O Globo, n. 32592, 31/10/2022. Política, p. 4

O Brasil escolhe Lula mais uma vez



Na eleição mais acirrada da história para o Palácio do Planalto, o Brasil decidiu ontem dar mais um mandato para Luiz Inácio Lula da Silva (PT), presidente da República entre 2003 e 2010 e agora eleito com mais de 60 milhões de votos (50,89%). O terceiro governo do petista foi confirmado após uma disputa voto a voto contra Jair Bolsonaro (PL), o primeiro presidente a fracassar na tentativa de reeleição ao alcançar 58 milhões de votos (48,91%), apenas 2 milhões a menos que o seu rival.

Depois da mais agressiva eleição de todos os tempos, o desafio de Lula será unir o país, dividido por uma campanha repleta de mentiras e diversos episódios de violência, em que poucas propostas foram debatidas pelos candidatos. Em seu primeiro discurso após a vitória, o tom foi de conciliação, agradecendo aos apoios de novos aliados como o vice Geraldo Alckmin (PSB), a senadora Simone Tebet (MDB) e a ex-senadora Marina Silva (Rede) e acenando para os eleitores que votaram em Bolsonaro.
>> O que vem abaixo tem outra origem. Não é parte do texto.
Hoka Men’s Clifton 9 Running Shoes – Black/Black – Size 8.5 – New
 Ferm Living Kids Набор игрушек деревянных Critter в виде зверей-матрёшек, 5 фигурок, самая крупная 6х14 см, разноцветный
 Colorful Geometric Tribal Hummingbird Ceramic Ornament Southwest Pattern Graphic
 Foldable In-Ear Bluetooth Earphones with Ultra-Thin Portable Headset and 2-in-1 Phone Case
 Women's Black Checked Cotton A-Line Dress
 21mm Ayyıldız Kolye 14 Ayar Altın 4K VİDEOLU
— É hora de reunir de novo as famílias, refazer os laços de amizade rompidos pela propagação criminosa do ódio (...) e que a gente possa inclusive restabelecer a paz entre os divergentes — disse, em discurso lido em São Paulo (mais detalhes na página 6), quando também ressaltou a necessidade de combater a miséria. — Nosso compromisso mais urgente é acabar outra vez com a fome.

A décima eleição pós-redemocratização dá mais uma vez protagonismo ao PT, vencedor de cinco disputas presidenciais desde 1989. O partido, que elegeu a segunda maior bancada do Congresso e quatro governadores, volta ao poder após duas profundas crises nos últimos seis anos: o impeachment da ex-presidente Dilma Rousseff, em 2016; e a prisão de Lula, em abril de 2018, pela operação LavaJato, seis meses antes da derrota de Fernando Haddad para Bolsonaro. Solto em novembro do ano seguinte, o ex-presidente retornou de vez à cena política em março de 2021, quando o Supremo Tribunal Federal anulou suas condenações e sua précandidatura ao Planalto foi lançada pelo PT.

O petista assumirá um país bem diferente do que recebeu em 2002, com níveis de pobreza e de circulação de armas em alta, além da perspectiva de avanço da inflação em um cenário de desarranjo fiscal deixado por Bolsonaro, em contraste com o esforço de estabilização econômica dos anos 1990.

Congresso desafiador

Na sociedade, uma mudança profunda é o avanço da parcela de evangélicos, segmento que se mostrou um dos mais resistentes a Lula e à esquerda nesta eleição: eram 15,4% dos brasileiros no início do século, segundo o Censo, e hoje se estima que representem ao menos o dobro deste percentual.

Na política, mais desafios. No Congresso, o presidente eleito terá de lidar com uma ampla bancada de oposição encabeçada pelo PL, partido de Bolsonaro, que terá 99 deputados e 14 senadores. O maior estado do país, São Paulo, será governado pelo exministro do presidente Tarcísio de Freitas (Republicanos), eleito com 13,4 milhões de votos contra 10,9 milhões de votos de Fernando Haddad (PT).

Na noite de ontem, enquanto Bolsonaro não se manifestou sobre o resultado das urnas, seus aliados como o presidente da Câmara, Arthur Lira (PP),e o próprio Tarcísio de Freitas reconheceram a derrota e enfatizaram a necessidade de diálogo com o futuro presidente a partir de 2023.